// the find
arkflow-rs/arkflow
High performance Rust stream processing engine seamlessly integrates AI capabilities, providing powerful real-time data processing and intelligent analysis.
ArkFlow is a YAML-configured stream processing engine built on Tokio and Apache Arrow/DataFusion, positioning itself as a Rust alternative to Benthos/Redpanda Connect. You define pipelines declaratively: pick an input source (Kafka, MQTT, HTTP, databases, Modbus), run data through processors (SQL via DataFusion, Python scripts, VRL, Protobuf), and route to outputs. The AI angle is thin — it's mainly the Python processor calling out to inference code, not built-in model execution despite what the description implies.
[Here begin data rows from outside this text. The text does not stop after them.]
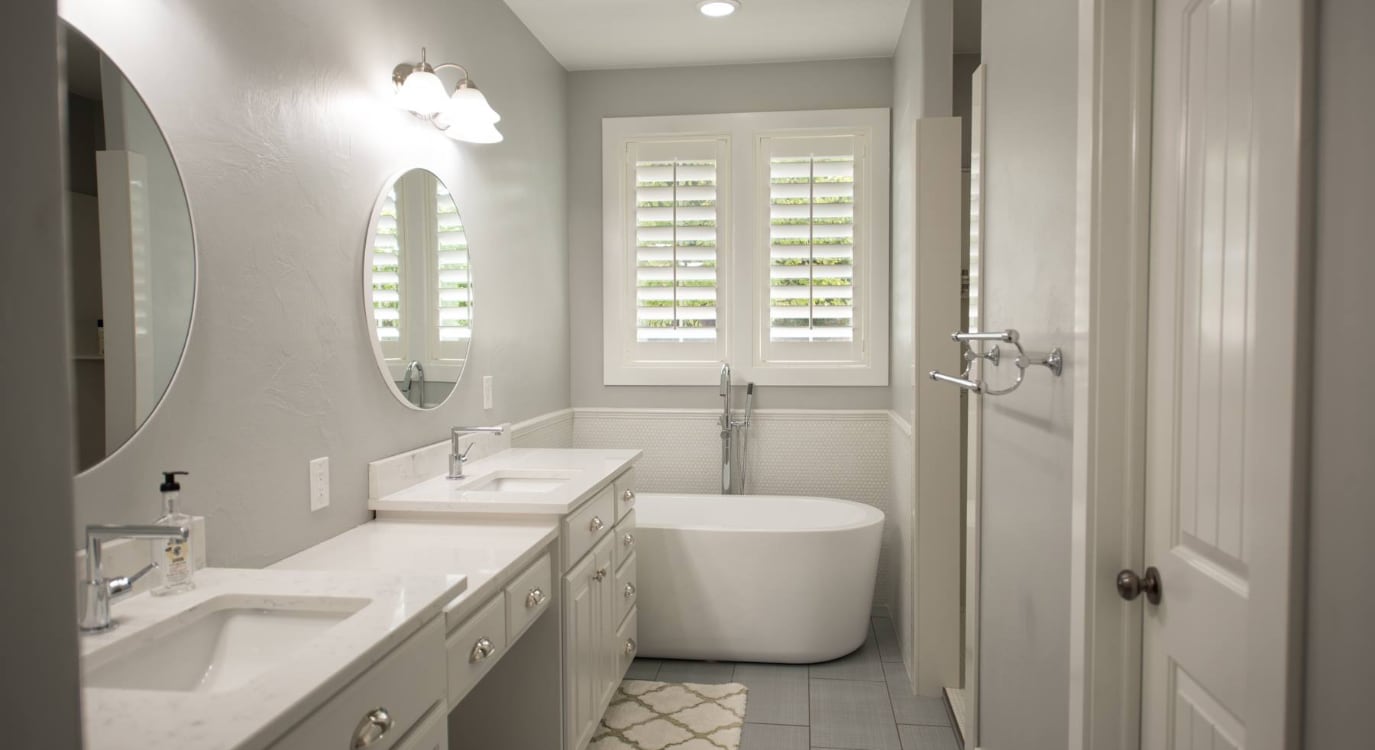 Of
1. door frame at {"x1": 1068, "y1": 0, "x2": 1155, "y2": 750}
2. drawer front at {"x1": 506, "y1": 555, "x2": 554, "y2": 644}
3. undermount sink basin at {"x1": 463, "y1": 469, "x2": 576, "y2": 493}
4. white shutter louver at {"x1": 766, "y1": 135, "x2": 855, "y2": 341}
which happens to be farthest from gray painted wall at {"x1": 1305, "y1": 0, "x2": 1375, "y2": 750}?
white shutter louver at {"x1": 766, "y1": 135, "x2": 855, "y2": 341}

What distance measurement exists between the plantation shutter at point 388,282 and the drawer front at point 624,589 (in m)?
1.08

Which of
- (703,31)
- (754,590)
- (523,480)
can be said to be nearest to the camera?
(523,480)

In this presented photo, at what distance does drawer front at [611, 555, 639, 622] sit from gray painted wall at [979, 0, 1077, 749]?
1.20m

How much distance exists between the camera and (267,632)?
1.33m

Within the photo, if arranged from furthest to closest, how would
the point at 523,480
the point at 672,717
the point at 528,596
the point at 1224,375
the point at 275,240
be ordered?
the point at 672,717 → the point at 523,480 → the point at 528,596 → the point at 275,240 → the point at 1224,375

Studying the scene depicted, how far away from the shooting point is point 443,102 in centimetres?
236

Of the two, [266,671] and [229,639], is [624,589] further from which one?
[266,671]

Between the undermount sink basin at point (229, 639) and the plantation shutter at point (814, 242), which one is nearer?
the undermount sink basin at point (229, 639)

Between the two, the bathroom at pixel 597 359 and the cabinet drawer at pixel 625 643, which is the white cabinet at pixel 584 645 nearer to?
the bathroom at pixel 597 359

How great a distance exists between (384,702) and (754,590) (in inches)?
86.7

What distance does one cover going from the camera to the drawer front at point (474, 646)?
1.53 meters

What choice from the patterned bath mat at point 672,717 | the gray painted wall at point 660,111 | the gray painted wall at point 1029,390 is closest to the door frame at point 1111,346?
the gray painted wall at point 1029,390

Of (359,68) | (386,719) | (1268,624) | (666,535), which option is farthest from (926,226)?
(386,719)

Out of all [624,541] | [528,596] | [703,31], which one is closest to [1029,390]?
[528,596]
Using Apache Arrow as the internal message format is the right call — zero-copy column batches through the pipeline is genuinely fast and SQL queries via DataFusion work directly on that memory layout without serialization. The windowing primitives (tumbling, sliding, session) are first-class buffer types rather than bolted-on afterthoughts, which matters for stateful aggregations. VRL support is a good pick for transformation logic — it's a proven DSL from the Vector ecosystem with good error handling semantics. The plugin architecture is clean: inputs, processors, outputs, and buffers all implement discrete traits, so extending it doesn't require forking core.
The 'AI capabilities' claim in the description is marketing — there's no built-in model runtime; you call Python via subprocess/embedding, which means GIL contention and process overhead that undercuts the Rust performance story. Error routing exists (error_output field) but there's no dead-letter queue or replay mechanism documented, so a bad message that keeps failing will either block or get silently dropped depending on config. Only one production user listed (a Korean company), and the project is at v0.5 — the API surface will move, and the versioned docs already show breaking changes between 0.2 and 0.5. Backpressure handling upstream to Kafka consumers isn't explained anywhere in the README or docs, which is the failure mode that bites people first in production.